3. Discrete-Time Filter Architecture: Difference Equations to Block Diagrams // Digital Signal Processing // bhaswanth

Before we design filters, let us stop and look at what a digital filter actually is: an algorithm that processes a sample at a time, holding state in delay registers. The block diagram structures we choose matter for numerical accuracy, memory usage, and hardware mapping.

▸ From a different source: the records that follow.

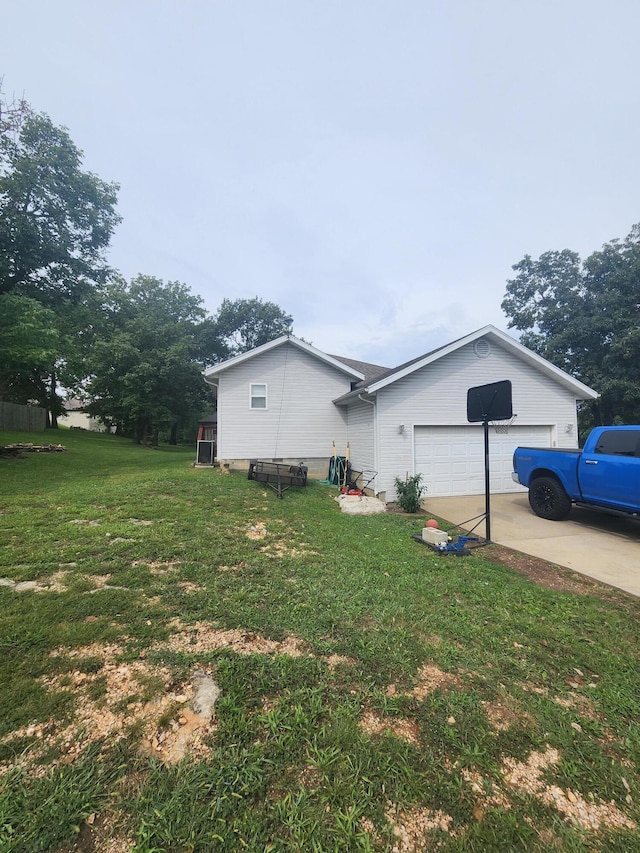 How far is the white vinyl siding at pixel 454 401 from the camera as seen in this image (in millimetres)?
9711

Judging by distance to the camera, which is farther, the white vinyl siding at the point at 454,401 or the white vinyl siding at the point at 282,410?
the white vinyl siding at the point at 282,410

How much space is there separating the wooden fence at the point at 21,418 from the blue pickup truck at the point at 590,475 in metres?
27.9

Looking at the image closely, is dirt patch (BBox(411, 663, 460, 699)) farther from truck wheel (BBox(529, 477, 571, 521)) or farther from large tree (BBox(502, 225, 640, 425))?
large tree (BBox(502, 225, 640, 425))

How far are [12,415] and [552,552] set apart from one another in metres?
28.7

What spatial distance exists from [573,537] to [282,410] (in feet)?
30.0

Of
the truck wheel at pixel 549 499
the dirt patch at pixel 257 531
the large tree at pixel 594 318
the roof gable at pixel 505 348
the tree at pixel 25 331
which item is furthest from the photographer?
the large tree at pixel 594 318

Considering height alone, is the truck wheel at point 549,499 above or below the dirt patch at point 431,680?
above

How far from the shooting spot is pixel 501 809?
1640 mm

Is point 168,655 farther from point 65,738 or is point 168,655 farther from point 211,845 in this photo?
point 211,845

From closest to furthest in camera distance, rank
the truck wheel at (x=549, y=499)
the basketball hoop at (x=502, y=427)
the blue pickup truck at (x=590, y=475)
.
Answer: the blue pickup truck at (x=590, y=475), the truck wheel at (x=549, y=499), the basketball hoop at (x=502, y=427)

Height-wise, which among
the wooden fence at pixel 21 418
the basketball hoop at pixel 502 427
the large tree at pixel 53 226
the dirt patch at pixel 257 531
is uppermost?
the large tree at pixel 53 226

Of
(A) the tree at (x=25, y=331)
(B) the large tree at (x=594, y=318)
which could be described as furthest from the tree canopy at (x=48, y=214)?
(B) the large tree at (x=594, y=318)

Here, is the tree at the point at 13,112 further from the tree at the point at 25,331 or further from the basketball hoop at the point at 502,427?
the basketball hoop at the point at 502,427

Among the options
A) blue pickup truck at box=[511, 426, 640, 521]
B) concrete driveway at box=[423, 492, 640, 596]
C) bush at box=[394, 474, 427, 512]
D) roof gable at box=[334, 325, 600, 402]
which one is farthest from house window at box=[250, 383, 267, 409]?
blue pickup truck at box=[511, 426, 640, 521] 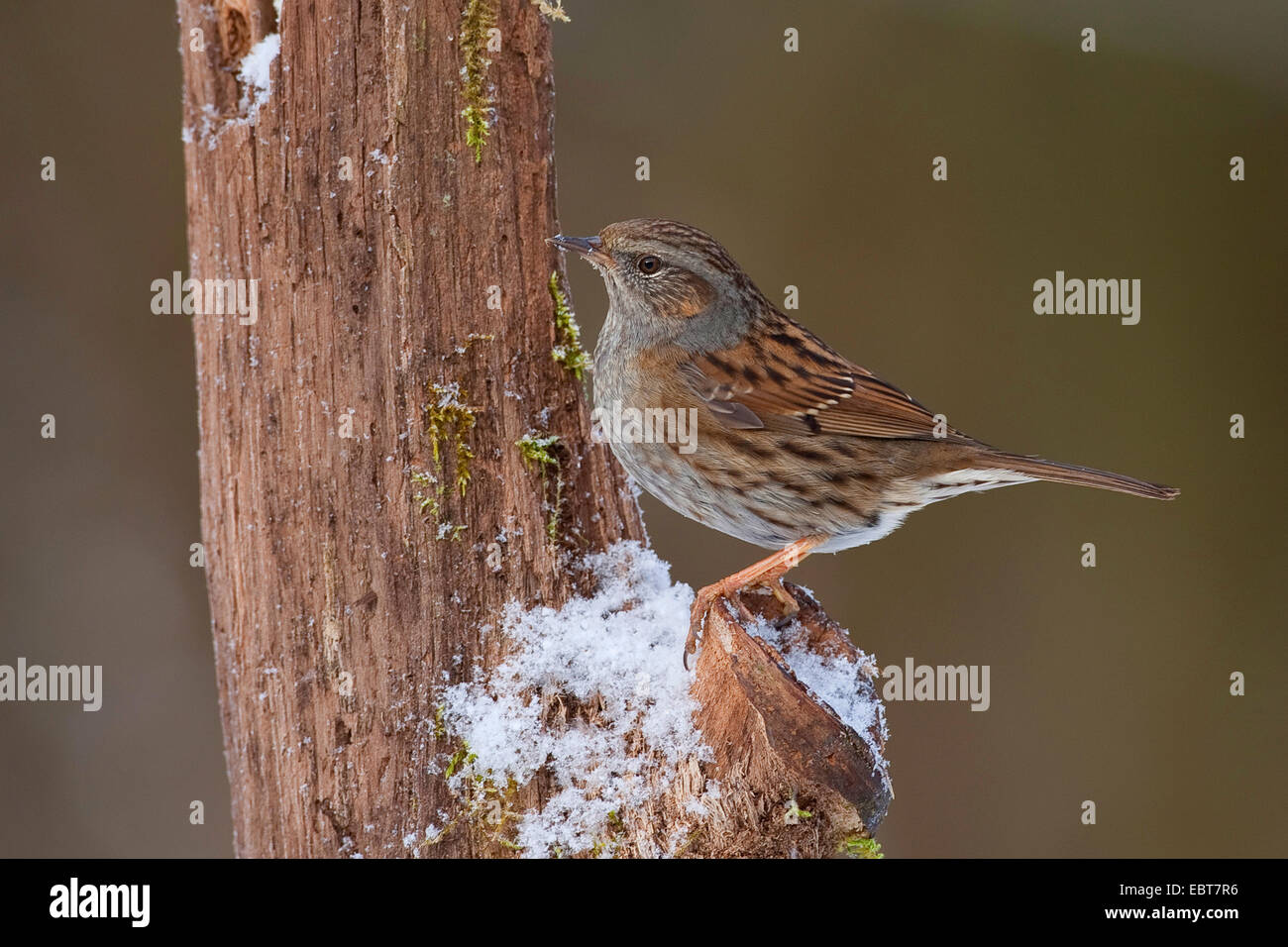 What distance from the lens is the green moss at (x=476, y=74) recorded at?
3.85 metres

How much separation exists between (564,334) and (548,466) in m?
0.51

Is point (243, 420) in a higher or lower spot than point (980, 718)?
higher

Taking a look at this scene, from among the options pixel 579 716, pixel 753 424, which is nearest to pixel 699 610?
pixel 579 716

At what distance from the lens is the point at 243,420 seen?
392cm

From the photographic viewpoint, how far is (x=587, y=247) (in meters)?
4.34

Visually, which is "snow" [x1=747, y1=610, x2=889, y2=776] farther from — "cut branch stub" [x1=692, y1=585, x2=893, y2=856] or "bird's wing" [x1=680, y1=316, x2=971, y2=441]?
"bird's wing" [x1=680, y1=316, x2=971, y2=441]

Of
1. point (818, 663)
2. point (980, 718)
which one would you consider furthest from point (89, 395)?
point (980, 718)

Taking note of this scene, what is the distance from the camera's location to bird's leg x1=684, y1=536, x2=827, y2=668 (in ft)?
12.3

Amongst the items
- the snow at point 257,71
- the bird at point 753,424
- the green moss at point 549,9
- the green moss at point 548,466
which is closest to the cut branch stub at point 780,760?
the bird at point 753,424

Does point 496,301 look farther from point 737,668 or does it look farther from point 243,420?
point 737,668

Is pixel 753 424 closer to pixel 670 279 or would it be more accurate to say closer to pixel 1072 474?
pixel 670 279

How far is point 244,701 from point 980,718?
5.21m

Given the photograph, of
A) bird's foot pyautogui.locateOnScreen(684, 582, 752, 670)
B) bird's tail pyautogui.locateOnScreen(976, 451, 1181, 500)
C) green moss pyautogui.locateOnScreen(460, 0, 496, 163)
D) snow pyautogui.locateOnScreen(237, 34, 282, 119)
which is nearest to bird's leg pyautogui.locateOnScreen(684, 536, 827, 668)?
bird's foot pyautogui.locateOnScreen(684, 582, 752, 670)

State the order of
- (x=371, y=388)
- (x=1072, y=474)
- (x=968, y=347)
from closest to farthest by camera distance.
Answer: (x=371, y=388)
(x=1072, y=474)
(x=968, y=347) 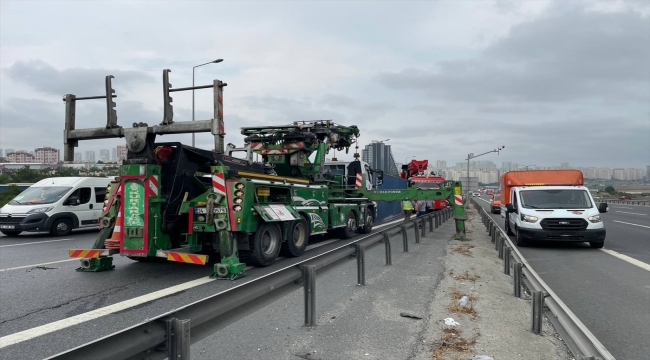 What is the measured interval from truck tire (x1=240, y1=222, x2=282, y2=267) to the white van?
9.85 m

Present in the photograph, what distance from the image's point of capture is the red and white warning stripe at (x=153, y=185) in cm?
780

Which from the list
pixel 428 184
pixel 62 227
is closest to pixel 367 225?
pixel 62 227

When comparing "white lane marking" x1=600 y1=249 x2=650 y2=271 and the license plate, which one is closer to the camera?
the license plate

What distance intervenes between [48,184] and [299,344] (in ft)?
50.3

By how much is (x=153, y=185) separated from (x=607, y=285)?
8415 millimetres

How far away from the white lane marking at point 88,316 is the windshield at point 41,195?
1073cm

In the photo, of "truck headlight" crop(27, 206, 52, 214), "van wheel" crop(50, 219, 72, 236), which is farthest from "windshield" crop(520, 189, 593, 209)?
"truck headlight" crop(27, 206, 52, 214)

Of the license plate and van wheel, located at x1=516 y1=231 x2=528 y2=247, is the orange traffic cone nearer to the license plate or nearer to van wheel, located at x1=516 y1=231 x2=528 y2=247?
the license plate

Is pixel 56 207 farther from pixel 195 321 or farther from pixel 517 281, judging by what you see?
pixel 517 281

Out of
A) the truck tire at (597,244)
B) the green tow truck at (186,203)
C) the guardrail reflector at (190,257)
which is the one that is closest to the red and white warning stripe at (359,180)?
the green tow truck at (186,203)

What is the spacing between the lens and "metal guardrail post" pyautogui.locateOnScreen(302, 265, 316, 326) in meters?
5.10

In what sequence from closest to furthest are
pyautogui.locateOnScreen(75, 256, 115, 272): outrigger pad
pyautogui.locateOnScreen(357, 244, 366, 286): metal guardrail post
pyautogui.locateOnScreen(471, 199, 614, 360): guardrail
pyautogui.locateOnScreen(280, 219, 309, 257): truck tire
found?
pyautogui.locateOnScreen(471, 199, 614, 360): guardrail < pyautogui.locateOnScreen(357, 244, 366, 286): metal guardrail post < pyautogui.locateOnScreen(75, 256, 115, 272): outrigger pad < pyautogui.locateOnScreen(280, 219, 309, 257): truck tire

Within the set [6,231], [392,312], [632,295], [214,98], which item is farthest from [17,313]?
[6,231]

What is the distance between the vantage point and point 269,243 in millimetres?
9148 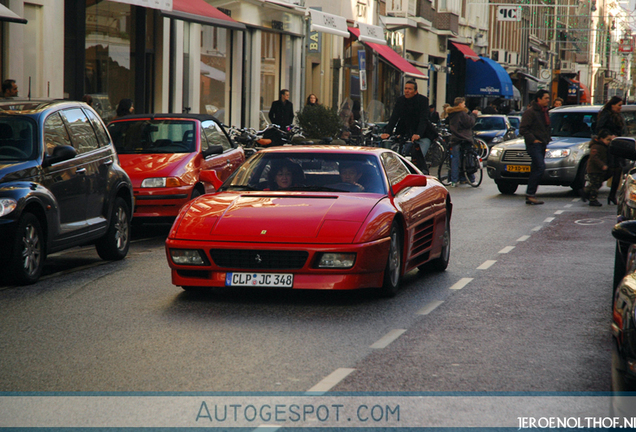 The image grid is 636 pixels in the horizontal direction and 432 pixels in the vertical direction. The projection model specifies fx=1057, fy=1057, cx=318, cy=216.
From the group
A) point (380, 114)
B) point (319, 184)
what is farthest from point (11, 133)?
point (380, 114)

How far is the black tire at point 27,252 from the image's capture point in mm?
9016

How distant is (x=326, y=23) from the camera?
32219 millimetres

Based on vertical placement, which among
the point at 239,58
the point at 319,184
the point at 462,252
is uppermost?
the point at 239,58

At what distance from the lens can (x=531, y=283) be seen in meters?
9.80

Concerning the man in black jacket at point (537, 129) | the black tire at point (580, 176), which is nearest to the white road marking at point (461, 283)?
the man in black jacket at point (537, 129)

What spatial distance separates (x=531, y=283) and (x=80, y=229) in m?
4.35

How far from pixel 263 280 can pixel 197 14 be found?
16.2 metres

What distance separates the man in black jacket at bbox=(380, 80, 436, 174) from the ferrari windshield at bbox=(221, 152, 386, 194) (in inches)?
434

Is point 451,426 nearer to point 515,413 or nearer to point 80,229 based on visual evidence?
point 515,413

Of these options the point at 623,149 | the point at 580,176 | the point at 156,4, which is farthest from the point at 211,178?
the point at 580,176

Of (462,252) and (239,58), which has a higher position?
(239,58)

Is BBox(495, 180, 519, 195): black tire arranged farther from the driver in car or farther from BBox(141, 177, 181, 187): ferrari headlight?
the driver in car

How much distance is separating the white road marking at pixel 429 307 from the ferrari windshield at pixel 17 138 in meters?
3.93

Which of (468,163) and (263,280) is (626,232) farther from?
(468,163) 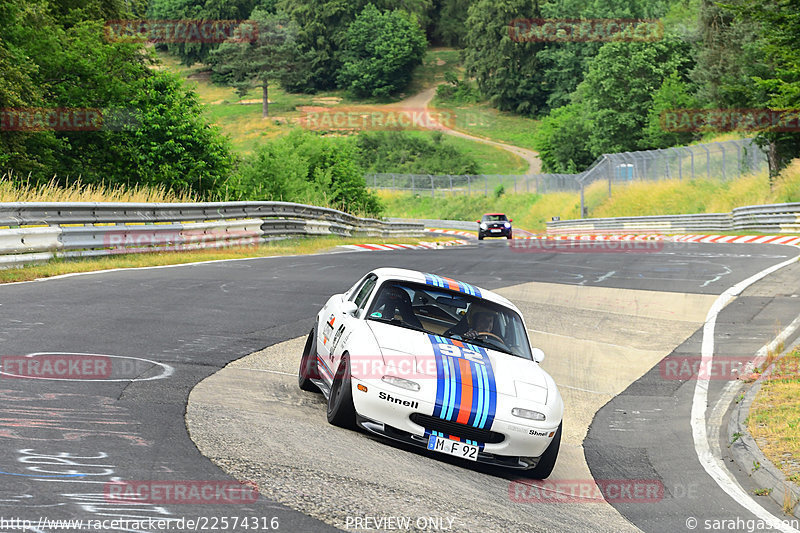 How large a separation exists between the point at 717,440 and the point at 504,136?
12058 cm

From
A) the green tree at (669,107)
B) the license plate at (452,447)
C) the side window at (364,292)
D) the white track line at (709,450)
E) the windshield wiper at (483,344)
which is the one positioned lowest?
the white track line at (709,450)

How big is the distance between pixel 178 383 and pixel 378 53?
142483 mm

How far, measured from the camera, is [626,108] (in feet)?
269

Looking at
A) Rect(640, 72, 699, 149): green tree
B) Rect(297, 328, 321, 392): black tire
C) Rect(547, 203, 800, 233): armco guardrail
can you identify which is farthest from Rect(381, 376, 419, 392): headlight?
Rect(640, 72, 699, 149): green tree

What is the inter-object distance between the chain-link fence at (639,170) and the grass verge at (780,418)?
38.2 metres

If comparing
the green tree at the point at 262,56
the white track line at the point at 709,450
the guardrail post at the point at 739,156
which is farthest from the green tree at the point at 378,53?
the white track line at the point at 709,450

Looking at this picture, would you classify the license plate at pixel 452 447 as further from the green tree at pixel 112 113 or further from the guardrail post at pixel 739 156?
the guardrail post at pixel 739 156

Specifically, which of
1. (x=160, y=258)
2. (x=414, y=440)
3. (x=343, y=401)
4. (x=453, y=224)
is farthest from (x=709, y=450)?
(x=453, y=224)

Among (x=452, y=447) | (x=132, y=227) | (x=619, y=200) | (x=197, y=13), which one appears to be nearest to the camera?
(x=452, y=447)

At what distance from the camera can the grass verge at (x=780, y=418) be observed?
7902 millimetres

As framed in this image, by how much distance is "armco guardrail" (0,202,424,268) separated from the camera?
16.2m

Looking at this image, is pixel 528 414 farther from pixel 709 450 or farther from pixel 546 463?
pixel 709 450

3.1 The basic operations: delay, multiply, add

Three building blocks suffice:

plaintext

   Delay (z⁻¹):          Gain:               Sum:
                                              ●
   x[n]  ┌─────┐         x[n]               ╱   ╲
   ──────│ z⁻¹ │──── x[n-1]  ─── × b ───   ●     ●─── y[n]
         └─────┘                            ╲   ╱
                                              ●

A delay ( $z^{-1}$ block) holds the previous sample. A gain multiplies by a coefficient. A sum adds two inputs. Every digital filter is a graph of these three blocks.

3.2 Direct Form I

Translate the difference equation literally into hardware:

$y[n] = \sum_{k=0}^{M} b_k\,x[n-k] - \sum_{k=1}^{N} a_k\,y[n-k]$

plaintext

            b₀
   x[n] ───●───────────────────●─────── y[n]
        │                       ▲
       z⁻¹                      │
        ▼  b₁                   │
   x[n-1]●────●───●             │
           ─a₁│   │             │
              ▼   ▼             │
              ●───●             │
              ▲   ▲             │
   ...        │   │
              z⁻¹ z⁻¹
              ▲   ▲
            y[n-1] x[n-1] etc.

(Schematic; real DF1 has separate feed-forward and feedback delay lines.)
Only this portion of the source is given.